Updating Ticket Data

When the customer provides additional information, you can update the record:

// Update the ticket with new information
async function updateTicket(id, newData) {
  // Edit stored record
  await supportBot.edit(id, newData);
  
  // Diagram of what happens during edit():
  //
  // ┌──────────────┐    ┌──────────────┐    ┌──────────────┐
  // │ Record ID &  │───>│ Retrieve     │───>│ Update       │
  // │ New Data     │    │ Existing Data│    │ Database     │
  // └──────────────┘    └──────────────┘    └──────────────┘
  //                                                │
  //                                                ▼
  // ┌──────────────────┐             ┌────────────────────────┐
  // │ Update Vector    │<────────────│ Generate New Embeddings│
  // │ Index            │             │ For Changed Fields     │
  // └──────────────────┘             └────────────────────────┘
}

API Reference

Agent Creation and Management

// Create or access an agent
Agent(name: string)

// Initialize with schemas  
agent.init(inputSchema: ZodObject, outputSchema: ZodObject)

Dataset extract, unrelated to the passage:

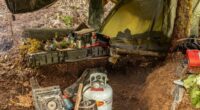 Tom Phillip's 'grim' campsite exposed in photos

// Connect to remote agent
agent.connectRemote(url: string)

// Delete agent and all data
agent.erase()

Core Operations

// Generate output using LLM
await agent.infer(
  input: YourInputType,
  options?: {
    temperature?: number;   // 0-1, controls randomness
    model?: string;         // e.g., "claude-3-opus-20240229"
    reasoning_effort?: string; // For models that support it
  }
)

// Find similar past interactions
await agent.recall(
  input: YourInputType | null,
  output: YourOutputType | null
)

// Store with vector embeddings
await agent.reinforce(input, output)

// Store without embeddings
await agent.store(input, output)

Data Management

// Query stored data by exact match
await agent.find(inputFilter?, outputFilter?)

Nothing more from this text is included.